I am teaching a course on scientific revolutions this term, and so I've been rereading Structure. I've also been blogging a bit about it. I previously wrote about my annoyance that the new edition has different page numbers and some reflections on recent writing about Kuhn. This post is about a thread that runs through Kuhn's discussion which, I think, gets something importantly right.

[cross-posted at Footnotes on Epicycles]

On Wednesday, we talked about Kuhn's claim that different paradigms are incommensurable, and today we talked about the considerations which might convince scientists to shift from the old paradigm to a new one. Kuhn characterizes the shift as a conversion experience, but not one that is totally unmotivated by reasons. Kuhn reviews a whole range of possible reasons, including puzzle-solving power, precision, novel prediction, and simplicity.

He insists that none of these reasons are necessarily decisive, however. He writes that
paradigm debates are not really about relative problem-solving ability.... Instead, the issue is which paradigm should in the future guide research on problems many of which neither competitor can yet claim to resolve completely. A decision between alternate ways of practicing science is called for, and in the circumstances that decision must be based less on past achievement than on future promise. (p. 156)
Because a paradigm serves to guide normal science, accepting a paradigm means committing to do normal science in that way. So the choice is forward-looking, while all of the reasons are backward-looking. So, one might say, the choice of paradigm is strategic rather than simply evidential.

While discussing this passage, I realized that the conclusion does not rely on incommensurability at all.
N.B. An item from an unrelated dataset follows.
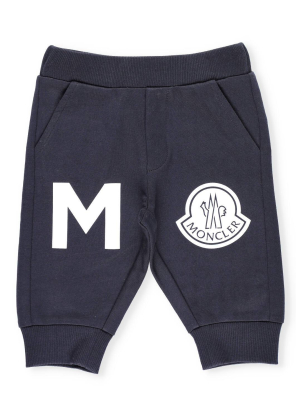 Moncler Enfant Logo Print Jogging Pants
Rather, it just relies on the problem of induction: Past performance of a paradigm provides no guarantee of future results. So proceeding with one paradigm rather than the other is a kind of gamble. Reasonable people with different hunches or different tolerance for risk might disagree about which way to go.

This allows for a philosophically conservative reading of Kuhn which accepts that revolution is different than normal science, because different paradigms would guide scientific practice in substantially different ways. The conservative reading also accepts that the choice between paradigms cannot be determined by the relevant reasons, especially during the period of crisis.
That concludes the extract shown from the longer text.